A la lisière du fantastique, « A la poursuite du fantastique » surfe avec subtilité et habilité sur la thématique de la possession. L'enfantôme, c'est en effet l'histoire d'une petite fille morte qui
Voudrait posséder le corps d'une petite fille vivante pour être aimée et vivre l'enfance dont elle été privée. Mais l'auteur évite les clichés de ce type de récits en empruntant une voie résolument réaliste et psychologique, le tout avec une grande sensibilité.
Le roman débute en douceur, nous projetant dans le quotidien compliqué de Laura, une jeune mère divorcée qui vient habiter Verveuil, petite ville normande, avec ses deux enfants, Jasmin et Charles son aîné, respectivement surnommés Jazz et Char. A travers les yeux de Char, on découvre leur nouvelle vie et l'on ressent la difficulté de faire le deuil d'un bonheur familial à jamais révolu, la colère, l'incompréhension, la difficulté à s'adapter à la situation et pour recomposer un équilibre familial.
Dans cette famille déstabilisé (ou parce que, justement, ce déséquilibre ouvre une faille dans le réel ?), l'effroi s'introduit bientôt : la petite Jazz fait des crises de somnambulisme inquiétantes, parle avec quelqu'un qui n'existe pas… Très vite, Char admet l'improbable : sa soeur a rencontré l'enfantôme. Il tait d'abord ses inquiétudes puis il enquête, malgré le scepticisme, la dénégation même, de leur mère. Pour cela, il s'aide d'une caméra et filme. Des personnages insolites et attachants croisent sa route : le projectionniste paternaliste du cinéma le Rex, une belle bibliothécaire, un poète morbide… Son besoin de savoir et de sauver sa soeur le conduira dans les décombres de la Deuxième Guerre mondiale…

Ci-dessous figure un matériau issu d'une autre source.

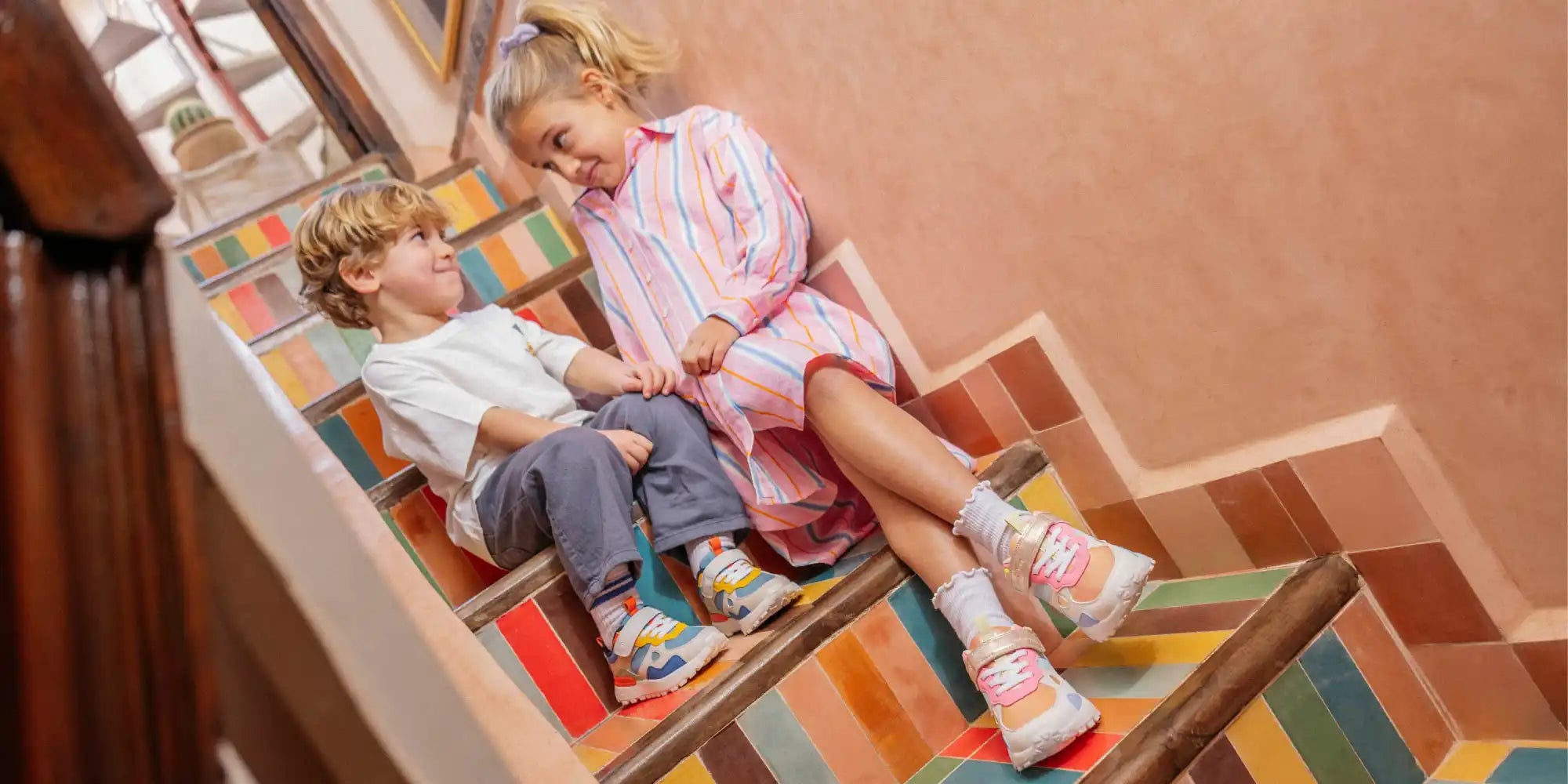 Deux enfants assis sur des escaliers colorés.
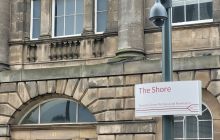 Edinburgh Trams sign at the Shore closeup with Georgian brickwork in background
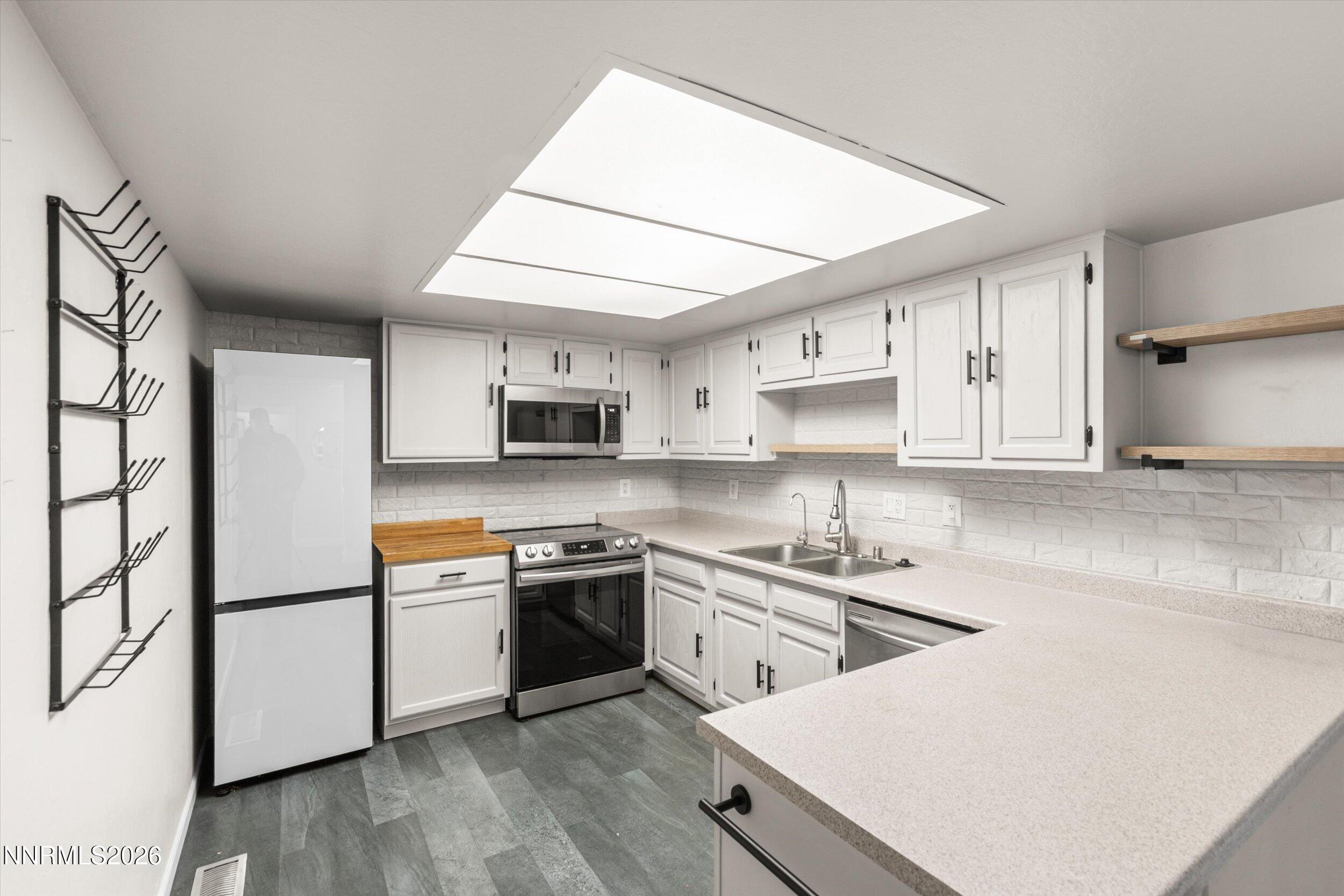 2300 Dickerson Road, Unit 51 Reno, NV 89503 - Photo 7 of 46 a kitchen with stainless steel appliances granite countertop a sink stove and refrigerator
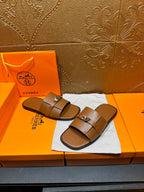 Brown leather slide sandals with two straps and square buckle, on dust bag
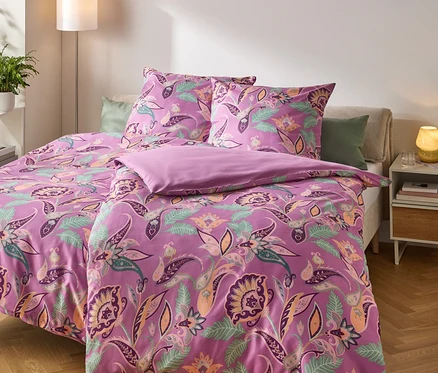 Linge de lit lilas à motifs floraux sur un lit fait.
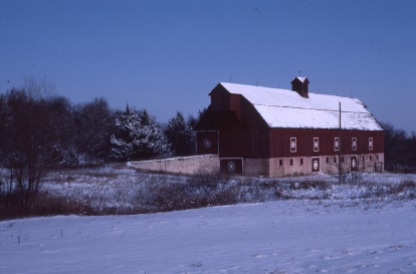 The Henry Sump barn was photographed several times by Charles Herman. Sump had this barn built on his Alma farm in 1913. This winter view dates from the 1970s.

Ce que l'adolescent filme est autant sa quête d'une réponse que sa quête intérieure vers l'âge d'homme. Car, en chemin, Char apprend à regarder différemment les autres, à les aimer aussi en comprenant que chacun vit avec des propres souffrances. le récit emprunte la trame fantastique pour mieux s'interroger sur l'histoire et sur le présent, et soulève au passage de nombreuses questions sur le sens des responsabilités, la folie destructrice des hommes.
Jean-Baptiste Evette ne sous-estime jamais ses lecteurs, au contraire il les aide à penser le monde. Il sait lui-même retrouver ses rébellions d'adolescent pour les partager avec une belle plume adulte qui offre une lecture agréable, de qualité et intelligente.